# Murder Mystery 2

In December 1948 the dead body of a man was found near Adelaide, Australia. To this day his identity is unknown and his death is still a mystery. One of the only clues recovered to what happened is a small piece of paper with the words "Tamam Shud" written on it. The piece has turned out to be torn from the last page of the book "Rubaiyat" by Omar Khayyam. The police managed to find the copy of the book from which the piece was torn. This book had some letters written inside the cover:

**WRGOABABD**

**MLIAOI**

**WTBIMPANETP**

**MLIABOAIAQC**

**ITTMTSAMSTGAB**

The second line seems to have been crossed out. The similarity to the penultimate line could suggest that it was a mistake.

What does this mean? Is it some kind of code?

![Tamam Shud](https://storage.googleapis.com/big-data-course-datasets/Actual-tamam-shud.jpg)

![Code](https://storage.googleapis.com/big-data-course-datasets/SomertonManCode.jpg)

In [1]:
code=["WRGOABABD",
#"MLIAOI",
"WTBIMPANETP",
"MLIABOAIAQC",
"ITTMTSAMSTGAB"]

The goal of this exercise is to look for sentences in the world literature that matches as long parts of the code as possible.

In [2]:
from scipy import stats
import numpy as np
import pandas as pd
import string

books = spark.sparkContext.wholeTextFiles("gs://big-data-course-datasets/gutenberg/")
sentences = books.flatMap(lambda x: x[1].replace("\n", " ").replace("\r", " ").split(".")).map(lambda x: x.strip()).cache()

In [3]:
def sentenceToCode(s):
    return "".join( \
            filter(lambda x: x in string.ascii_uppercase, \
            map(lambda x: x.upper()[0], \
            filter(lambda x: len(x)>0, s.split(" ")))))

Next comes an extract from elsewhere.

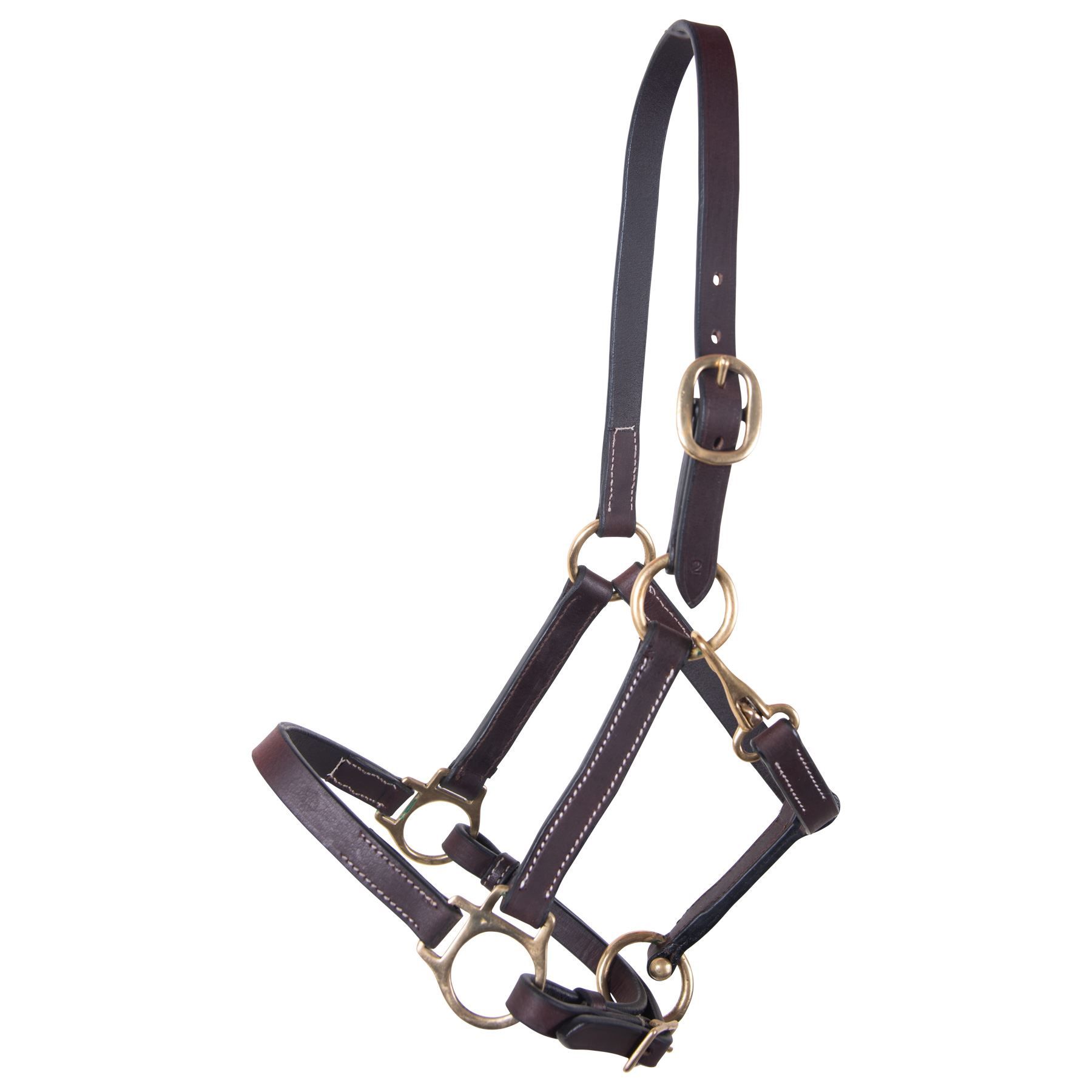 Gatsby Leather Foal Halter with Snap in Stable at Schneider Saddlery
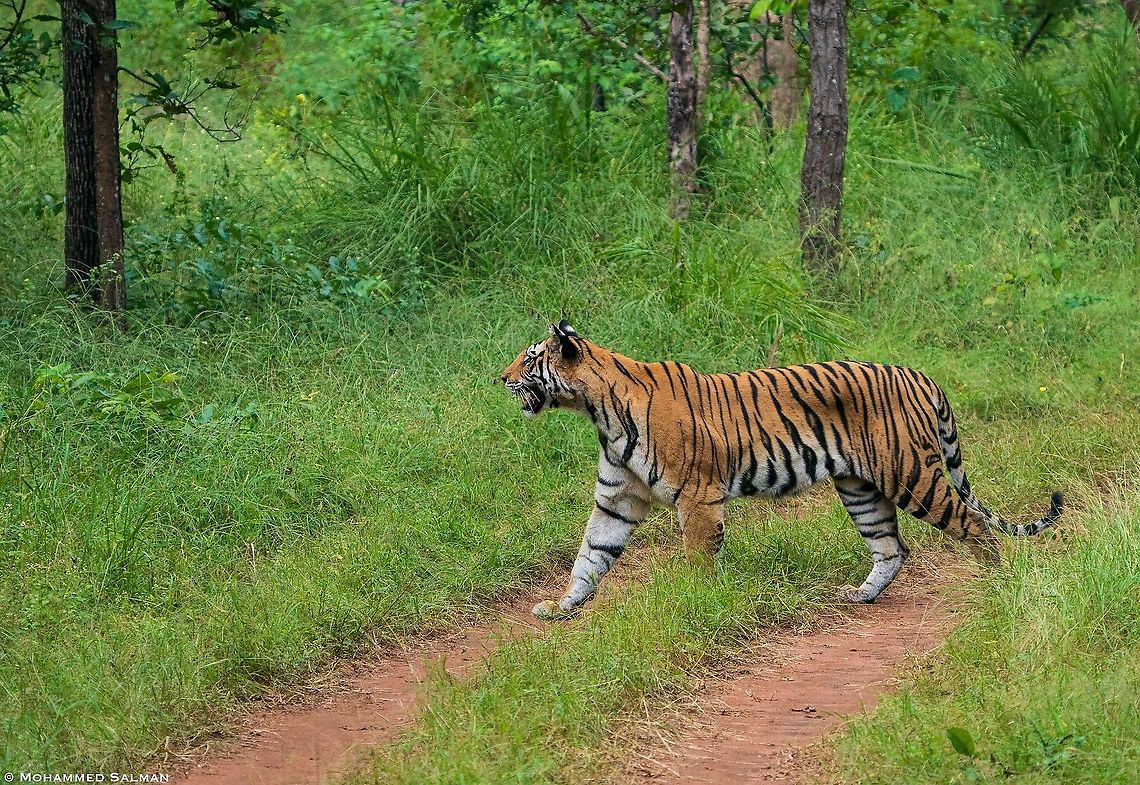 Dabadhol female || Khitauli, Bandhavgarh || Oct 2021<br />
 Bengal tiger,Panthera tigris tigris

One approach to solving this is to use SparkSQL to create a table that we can query with SQL.

In [4]:
from pyspark.sql import Row

df=sentences.map(lambda x: Row(sentence=x, code=sentenceToCode(x))).toDF()

In [5]:
df.sample(False, 0.0001).toPandas()

Unnamed: 0,code,sentence
0,LRCDNMTMM,"""This little rectory CAN do no more than make Mr"
1,WTIAOKODHIWNDYHPTW,Well THAT is an odd kind of delicacy! However...
2,ATCWHGUTLPOMDWAOTP,All the children who had given up their littl...


In [6]:
df.registerTempTable("sentences")

In [7]:
spark.sql("SELECT * FROM sentences LIMIT 10").toPandas()

Unnamed: 0,code,sentence
0,KJBTOTOTKJBTFBOMCGITBGCTHATE,[The King James Bible] The Old Testament of t...
1,ATEWWFAVADWUTFOTD,"1:2 And the earth was without form, and void; ..."
2,ATSOGMUTFOTW,And the Spirit of God moved upon the face of t...
3,AGSLTBLATWL,"1:3 And God said, Let there be light: and ther..."
4,AGSTLTIWGAGDTLFTD,"1:4 And God saw the light, that it was good: a..."
5,AGCTLDATDHCN,"1:5 And God called the light Day, and the dark..."
6,ATEATMWTFD,And the evening and the morning were the first...
7,AGSLTBAFITMOTWALIDTWFTW,"1:6 And God said, Let there be a firmament in ..."
8,AGMTFADTWWWUTFFTWWWATFAIWS,"1:7 And God made the firmament, and divided th..."
9,AGCTFH,1:8 And God called the firmament Heaven


In [8]:
spark.sql("SELECT * FROM sentences WHERE code LIKE 'MLIA%'").toPandas()

Unnamed: 0,code,sentence
0,MLIASDNMAST,"Miss Laura, I am sure, did not mean any such ..."